**Exercise**
Drop every picture. Return the rest of the entries exactly.

**Records to process**

Content starts

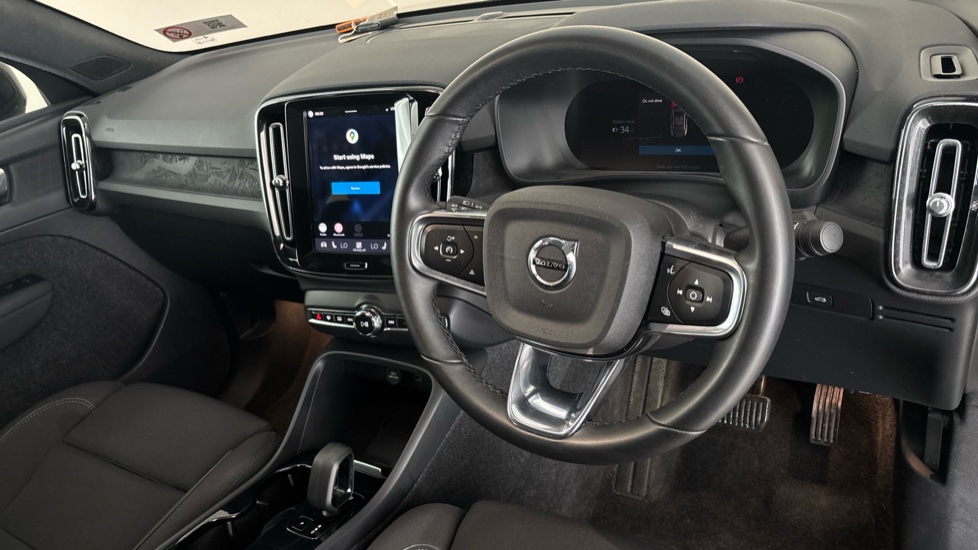 VOLVO C40 Image 9
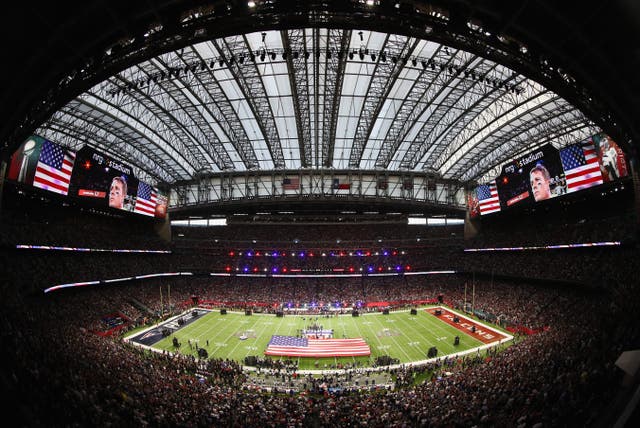 <p>Una vista general del campo durante el Himno Nacional antes del Super Bowl 51 entre los New England Patriots y los Atlanta Falcons en el NRG Stadium el 5 de febrero de 2017 en Houston, Texas. </p>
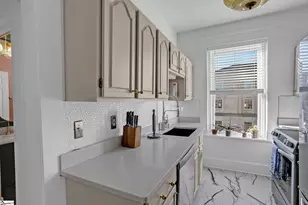 400 E Washington St, Greenville, SC 29601 - Photo 16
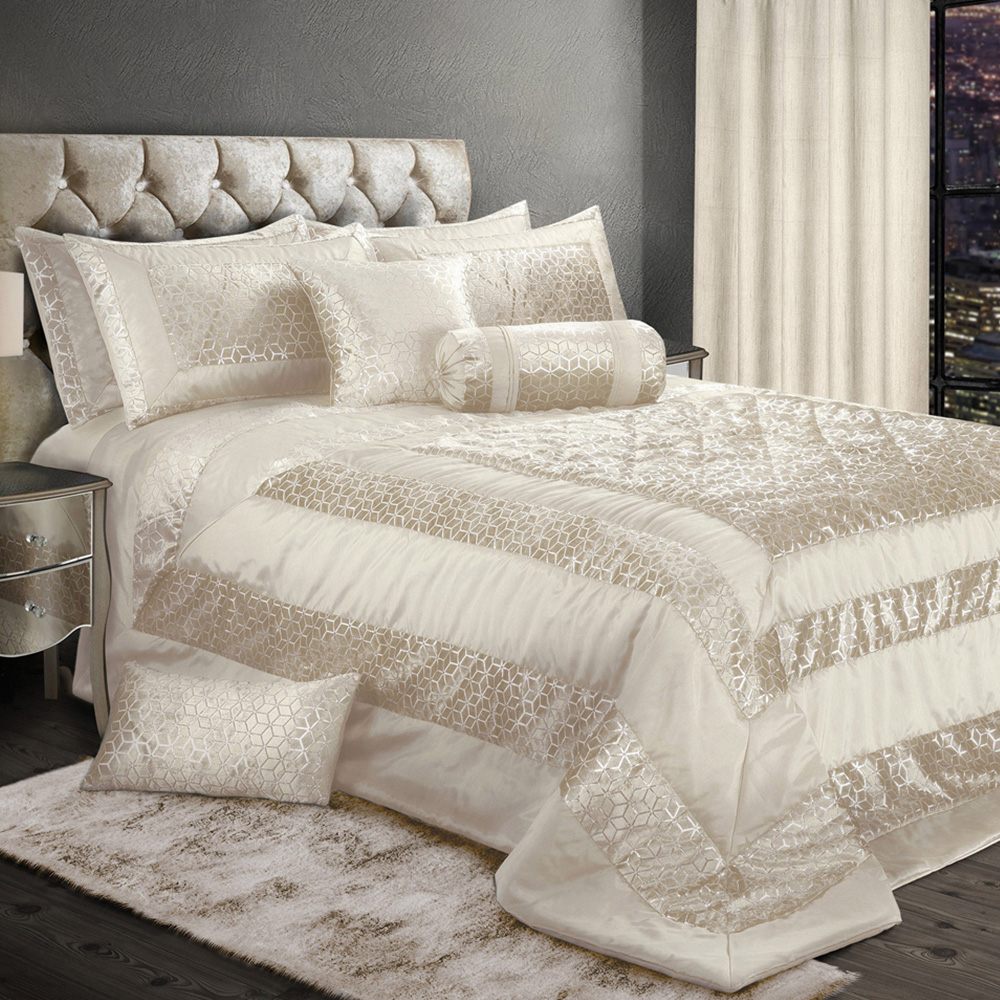 Intimates Vera King Size Cream Bedspread Image
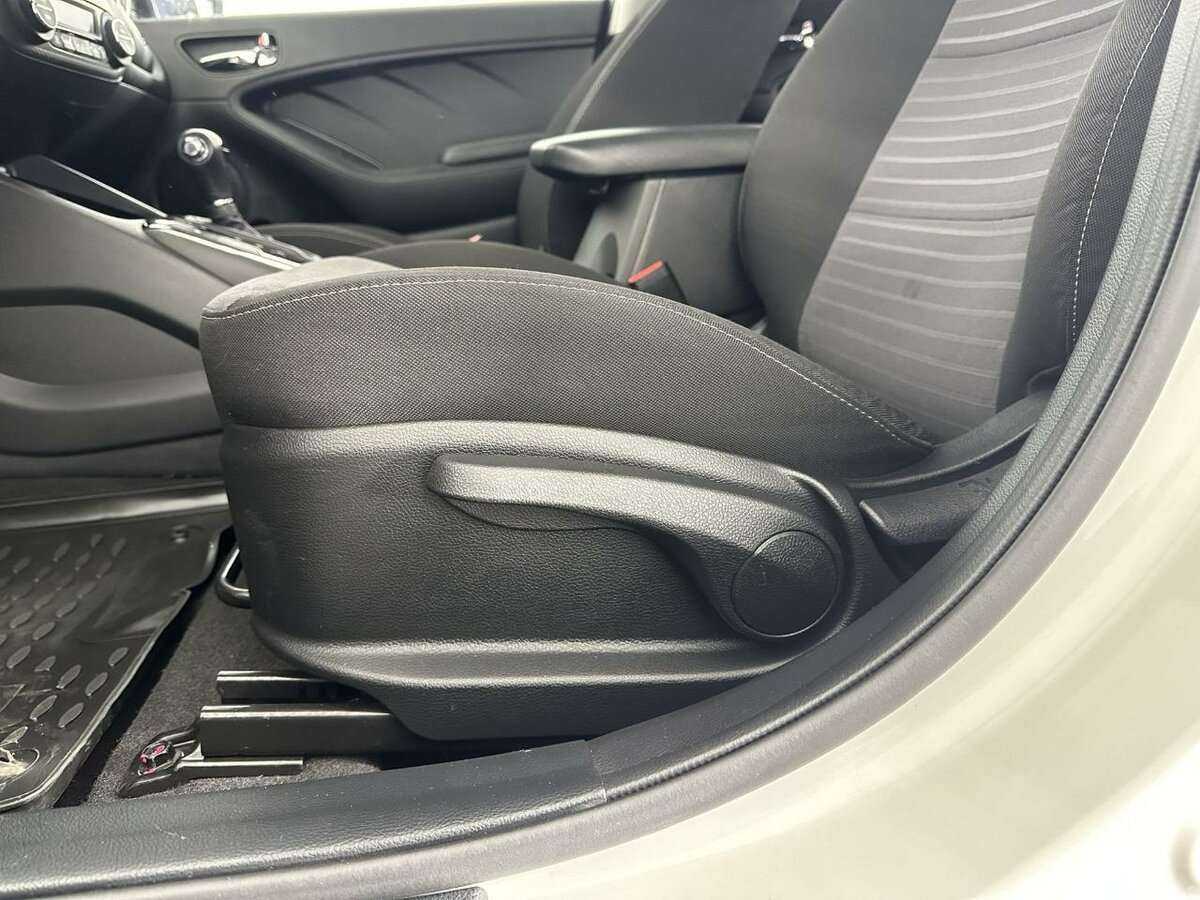 Купить Kia Cerato с пробегом. Фото: #9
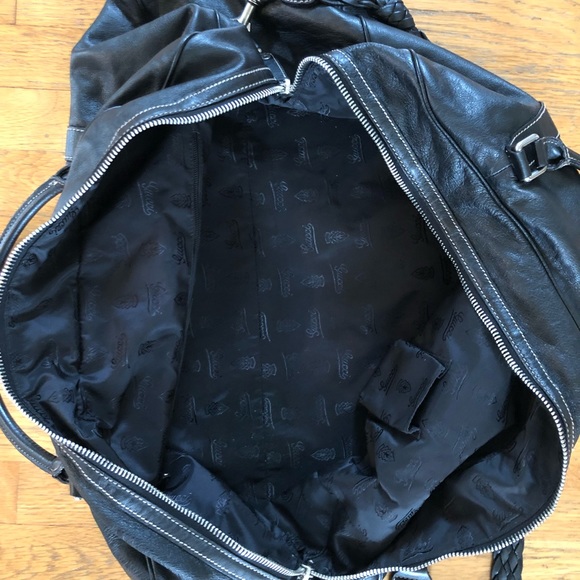 Men’s GUCCI leather duffle bag with braided strap - Picture 4 of 7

Content ends

**Answer section**
 VOLVO C40 Image 9
 <p>Una vista general del campo durante el Himno Nacional antes del Super Bowl 51 entre los New England Patriots y los Atlanta Falcons en el NRG Stadium el 5 de febrero de 2017 en Houston, Texas. </p>
 400 E Washington St, Greenville, SC 29601 - Photo 16
 Intimates Vera King Size Cream Bedspread Image
 Купить Kia Cerato с пробегом. Фото: #9
 Men’s GUCCI leather duffle bag with braided strap - Picture 4 of 7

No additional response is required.